We’re at that exact moment again. Except this time, it’s AI agents doing your shopping for you.
There are three ways agentic commerce works, and each one gets progressively more autonomous:
Agent-to-site: Your AI agent scans multiple platforms on your behalf. You tell it you need a hotel in Barcelona under $150/night with good wifi, and it searches every booking site, filters by your preferences, and shows you the top three options (all of them are in the basement, shocking I know). You still make the final call, but the grunt work is done.
Agent-to-agent: This is where it gets wild. Your personal shopping agent communicates directly with a retailer’s AI commerce agent. They negotiate. They transact. You’re not involved at all. Your agent knows you’re running low on coffee (it tracks your purchase history), knows you prefer fair-trade beans, knows your price threshold, and autonomously reorders before you even notice you’re out.
Brokered agent-to-site: Intermediary systems coordinate everything. Your restaurant-booking agent talks to OpenTable’s broker agent, which finds you a table at 7 PM, applies your loyalty discount, knows you’re vegetarian, and pre-orders an appetizer based on your past preferences. You just show up.
This represents a fundamental shift from vertical to horizontal commerce. Right now, you go to Amazon to shop, Expedia to book travel, DoorDash for food. That model is dying. In the agentic future, you have one interface, your AI agent, that handles everything across every platform.
Perplexity and OpenAI are already building this. Shopify is developing infrastructure that lets agents tap into its entire catalog and build carts across multiple merchants simultaneously. The technology isn’t theoretical. It’s live.
But this new technology comes with issues of trust. When you walk into a Target, the trust equation is simple. You see the product. You touch it. You read the label. You decide.
But when an AI agent shops on your behalf, trust becomes abstract. How do you know the AI is acting in your best interest? How do you know it’s not prioritizing merchants who paid for placement? How do you know it’s not steering you toward products with the highest commission?
You don’t.
And that’s the adoption barrier. Innovation moves faster than trust. The technology is ready. We’re not.
This is exactly what happened with early e-commerce. The tech worked, but people didn’t trust it. It took years of security improvements, buyer protection policies, and social proof before mass adoption happened.

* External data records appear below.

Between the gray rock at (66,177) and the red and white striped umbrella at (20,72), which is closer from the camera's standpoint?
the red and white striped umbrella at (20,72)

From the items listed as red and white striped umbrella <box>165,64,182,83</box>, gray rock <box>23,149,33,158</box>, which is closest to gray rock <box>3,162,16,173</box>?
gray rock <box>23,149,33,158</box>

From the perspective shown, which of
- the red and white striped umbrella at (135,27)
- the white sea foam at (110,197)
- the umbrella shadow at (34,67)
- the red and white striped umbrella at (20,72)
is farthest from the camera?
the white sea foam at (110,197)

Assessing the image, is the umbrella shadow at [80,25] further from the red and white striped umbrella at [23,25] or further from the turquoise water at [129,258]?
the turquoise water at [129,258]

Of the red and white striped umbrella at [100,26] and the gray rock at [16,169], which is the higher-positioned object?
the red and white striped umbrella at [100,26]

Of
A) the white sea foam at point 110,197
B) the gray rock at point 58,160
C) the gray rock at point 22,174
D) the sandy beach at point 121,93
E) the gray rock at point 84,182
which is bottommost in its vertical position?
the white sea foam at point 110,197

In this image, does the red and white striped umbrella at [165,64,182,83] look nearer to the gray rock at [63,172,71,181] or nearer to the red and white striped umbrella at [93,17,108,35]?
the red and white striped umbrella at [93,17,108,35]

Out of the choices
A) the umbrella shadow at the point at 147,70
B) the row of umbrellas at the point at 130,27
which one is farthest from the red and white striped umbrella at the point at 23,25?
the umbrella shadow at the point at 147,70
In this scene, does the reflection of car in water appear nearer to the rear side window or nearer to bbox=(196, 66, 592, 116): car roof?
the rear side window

Agentic commerce will follow the same curve.
You are sitting on a goldmine, actually.
Your parents couldn’t imagine buying everything on a phone. In 1999, they thought the internet was just for buying books online. They didn’t see it was the entire structure of commerce and communication shifting underneath their feet. The people who recognized that early—who learned to code, who started blogs, who built online businesses—they shaped the world you inherited.

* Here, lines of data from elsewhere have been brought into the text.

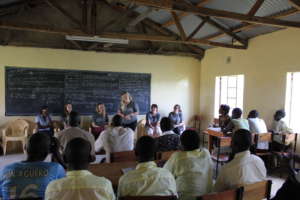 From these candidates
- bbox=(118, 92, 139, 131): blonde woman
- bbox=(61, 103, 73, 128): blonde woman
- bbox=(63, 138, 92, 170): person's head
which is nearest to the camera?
bbox=(63, 138, 92, 170): person's head

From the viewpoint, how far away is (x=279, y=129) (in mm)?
4191

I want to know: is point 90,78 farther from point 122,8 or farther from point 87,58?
point 122,8

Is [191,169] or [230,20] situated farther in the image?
[230,20]

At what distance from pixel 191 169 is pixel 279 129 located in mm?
3060

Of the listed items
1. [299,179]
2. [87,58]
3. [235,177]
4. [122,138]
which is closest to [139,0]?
[122,138]

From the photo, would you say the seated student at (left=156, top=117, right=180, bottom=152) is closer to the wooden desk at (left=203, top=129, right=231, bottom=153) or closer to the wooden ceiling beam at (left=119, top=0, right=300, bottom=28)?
the wooden desk at (left=203, top=129, right=231, bottom=153)

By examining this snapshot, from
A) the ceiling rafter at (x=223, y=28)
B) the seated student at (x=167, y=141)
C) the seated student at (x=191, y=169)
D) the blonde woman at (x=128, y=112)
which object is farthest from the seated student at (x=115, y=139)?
the ceiling rafter at (x=223, y=28)

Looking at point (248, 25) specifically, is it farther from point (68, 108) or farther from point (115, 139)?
point (68, 108)

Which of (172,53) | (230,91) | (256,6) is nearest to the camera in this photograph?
(256,6)

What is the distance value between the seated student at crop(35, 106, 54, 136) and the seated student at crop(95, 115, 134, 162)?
2.91 metres

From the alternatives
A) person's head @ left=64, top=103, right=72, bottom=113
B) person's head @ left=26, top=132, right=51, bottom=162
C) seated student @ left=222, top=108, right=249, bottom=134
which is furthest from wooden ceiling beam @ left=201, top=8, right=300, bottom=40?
person's head @ left=26, top=132, right=51, bottom=162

You’re living through that same moment with AI agents.
Apple didn’t release the iPhone until 2007. Uber wasn’t founded until 2009. The world transformed in less than two decades, and the people who thrived weren’t the smartest, they were the ones who paid attention and adopted new tools early, even when they were messy and unclear.
Agentic commerce will reshape how you shop, work, and make decisions. The skills that matter in 2030 will be different from now. The question is: are you learning them?
If not (yet), try Perplexity’s shopping feature. Use ChatGPT to compare products. Experiment with AI tools even when they’re clunky. Because in ten years, when this is just how commerce works, you’ll either be someone who saw it coming or someone scrambling to catch up.
And oh, and those running shoes you forgot about? Your AI agent already ordered them. They’ll be here Tuesday.